Lo sottolinea Papa Francesco nell’Udienza Generale del mercoledì, svoltasi, dopo mesi, nel cortile di San Damaso, alla presenza dei fedeli (leggi qui). Il Pontefice, dopo aver salutato con benedizioni e strette di mano i presenti, continua il ciclo di catechesi dedicato alla preghiera, raccontando, a braccio, un miracolo al quale ha assistito mentre era nella sua diocesi in Argentina.

“C’era una coppia che aveva una figlia di nove anni, con una malattia che i medici non sapevano cosa fosse. E alla fine, in ospedale, il medico disse alla mamma: ‘Signora, chiami suo marito’. E il marito era a lavoro; erano operai, lavoravano tutti i giorni. E disse al padre: ‘La bambina non passa la notte. È un’infezione, non possiamo fare nulla’. Quell’uomo, forse non andava tutte le domeniche a Messa, ma aveva una fede grande. Uscì piangendo, lasciò la moglie lì con la bambina nell’ospedale, prese il treno e fece i settanta chilometri di distanza verso la Basilica della Madonna di Luján, la Patrona dell’Argentina”, racconta il Pontefice.
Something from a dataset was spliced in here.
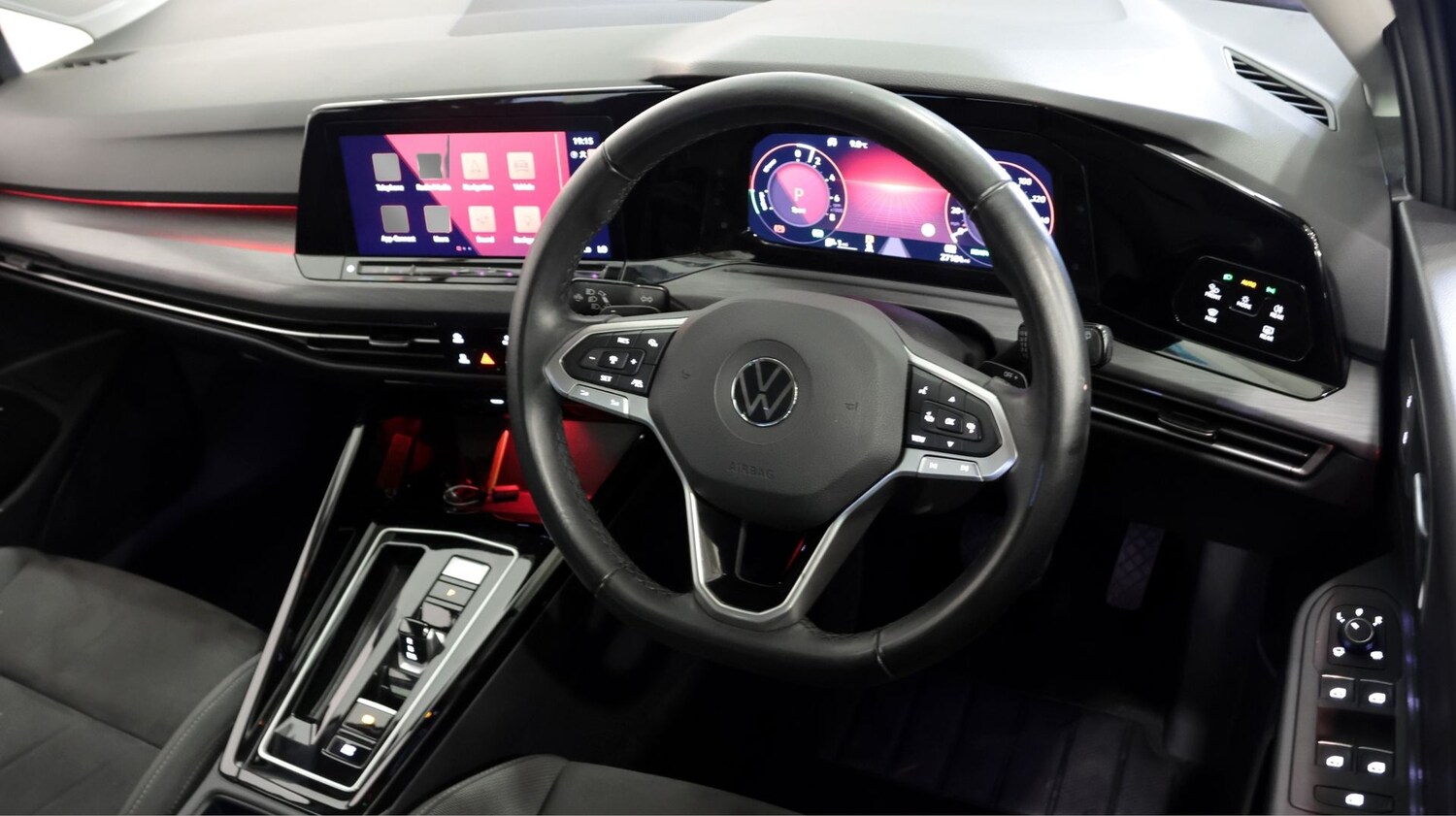 Used Volkswagen Golf for sale - 78123865: Photo 9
“E lì – la basilica era già chiusa, erano quasi le dieci di notte, di sera – lui si aggrappò alle grate della Basilica e tutta la notte pregando la Madonna, combattendo per la salute della figlia. Questa non è una fantasia; l’ho visto io! L’ho vissuto io. Combattendo quell’uomo lì. Alla fine, alle sei del mattino, si aprì la chiesa e lui entrò a salutare la Madonna: tutta la notte a ‘combattere’, e poi tornò a casa”, prosegue il Papa.

“Quando arrivò, cercò la moglie, ma non la trovò e pensò: ‘Se ne è andata. No, la Madonna non può farmi questo’. Poi la trovò, sorridente che diceva: ‘Ma non so cosa è successo; i medici dicono che è cambiato così e che adesso è guarita’. Quell’uomo lottando con la preghiera ha avuto la grazia della Madonna. La Madonna lo ha ascoltato. E questo l’ho visto io: la preghiera fa dei miracoli, perché la preghiera va proprio al centro della tenerezza di Dio che ci ama come un padre”, aggiunge Francesco.
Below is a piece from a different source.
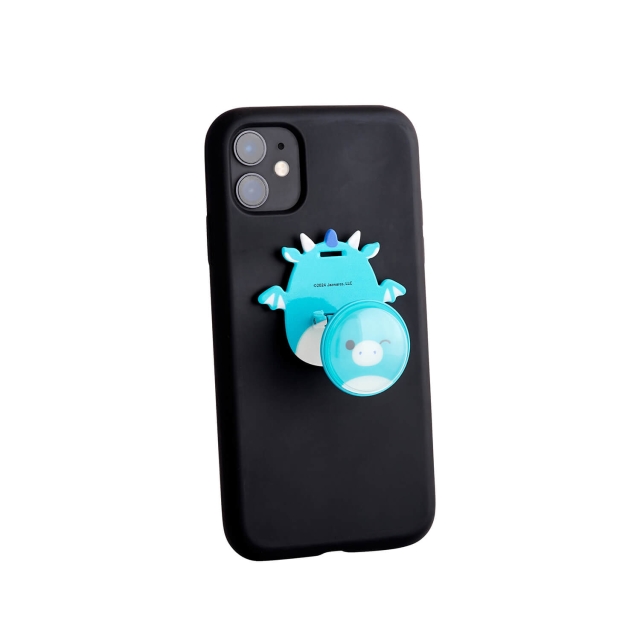 Squishmallows Telefongrepp Draken Tatiana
“E quando non ci fa la grazia – sottolinea -, ce ne farà un’altra che poi vedremo con il tempo. Ma sempre occorre il combattimento nella preghiera per chiedere la grazia. Sì, delle volte noi chiediamo una grazia di cui abbiamo bisogno, ma la chiediamo così, senza voglia, senza combattere, ma non si chiedono così le cose serie. La preghiera è un combattimento e il Signore sempre è con noi”.
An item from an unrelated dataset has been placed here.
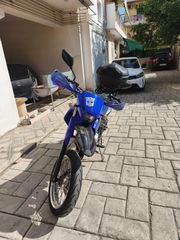 Yamaha XT 125R 2005-thumb-1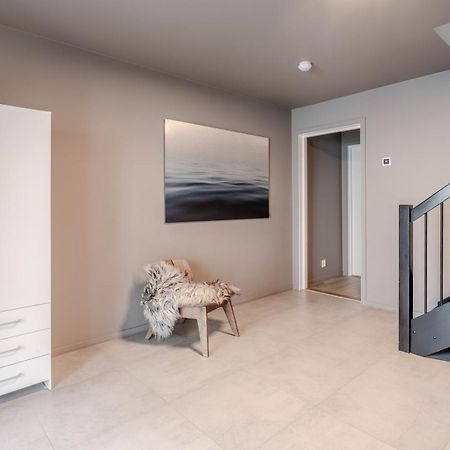 Staying Apt 3 - New And Modern ترومسو المظهر الخارجي الصورة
“Se in un momento di cecità non riusciamo a scorgere la sua presenza, ci riusciremo in futuro. Capiterà anche a noi di ripetere la stessa frase che disse un giorno il patriarca Giacobbe: ‘Certo, il Signore è in questo luogo e io non lo sapevo’ (Gen 28,16). Alla fine della nostra vita, volgendo all’indietro lo sguardo, anche noi potremo dire: ‘Pensavo di essere solo, ma no, non lo ero: Gesù era con me’. Tutti potremo dire questo”, conclude il Santo Padre.